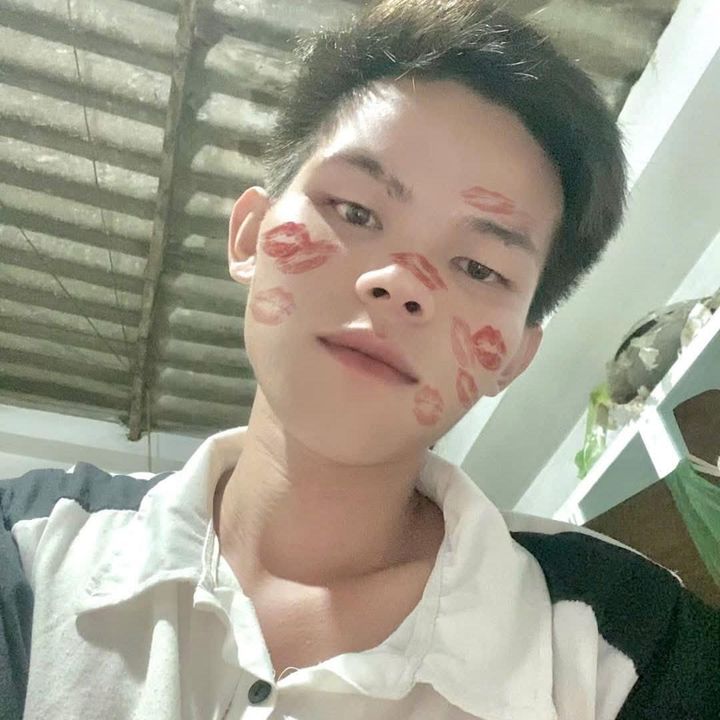Trần Quốc Thái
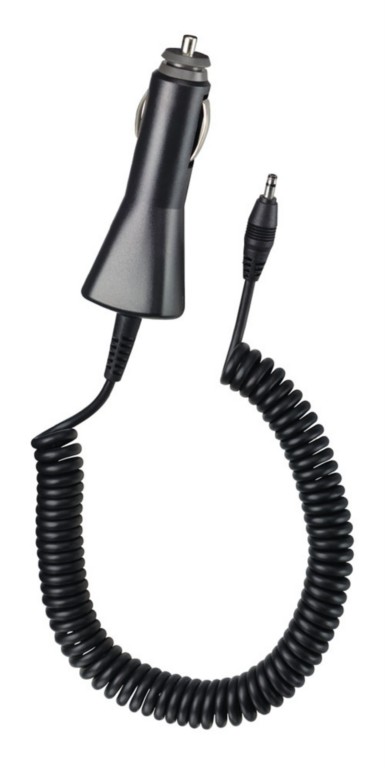 eBay Image Hosting at www.auctiva.com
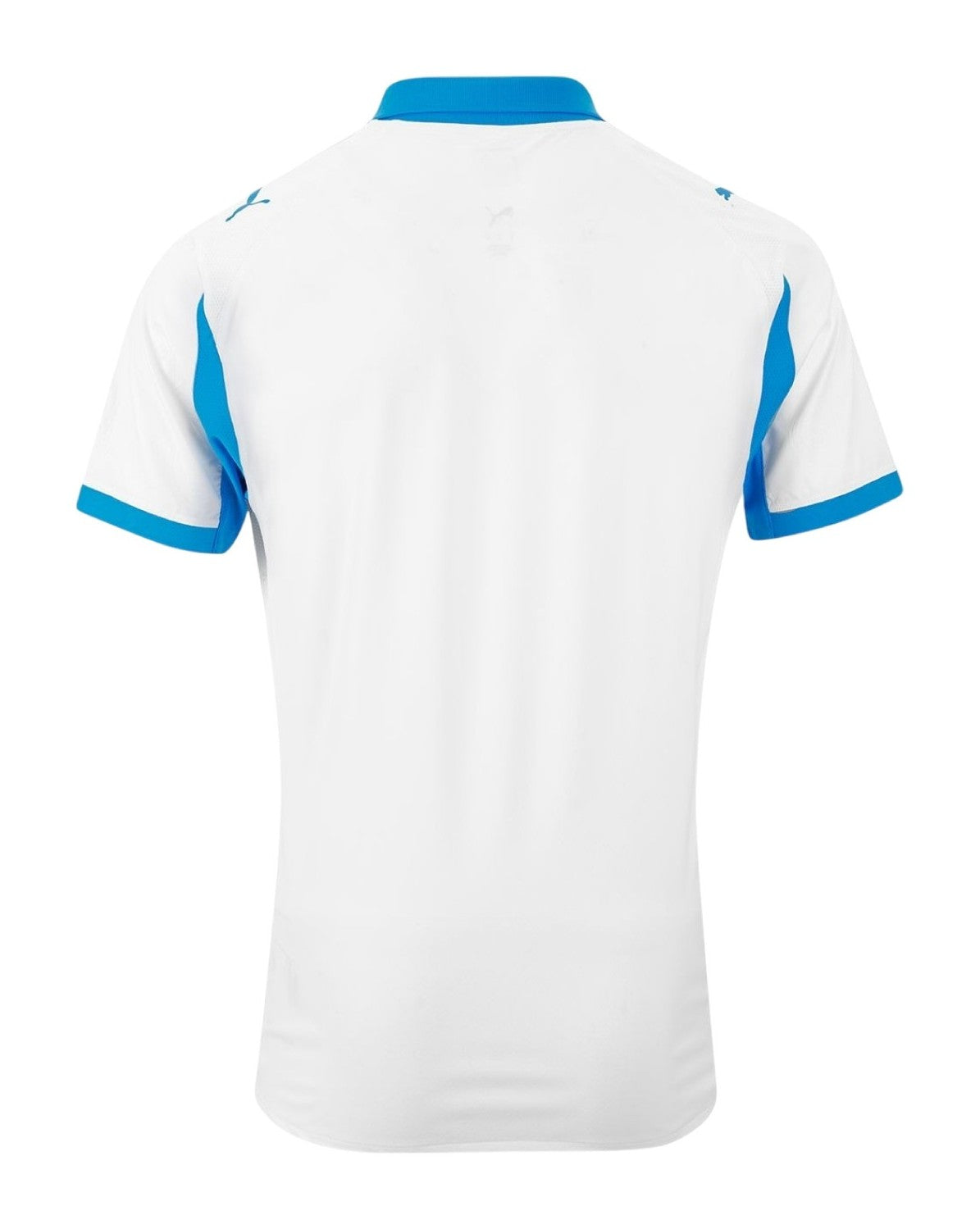 Olympique Marseille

******

→ WHAT YOU SHOULD DO
Copy out the lines above unchanged. Skip the images.

→ EXERCISE ANSWER
Trần Quốc Thái
 eBay Image Hosting at www.auctiva.com
 Olympique Marseille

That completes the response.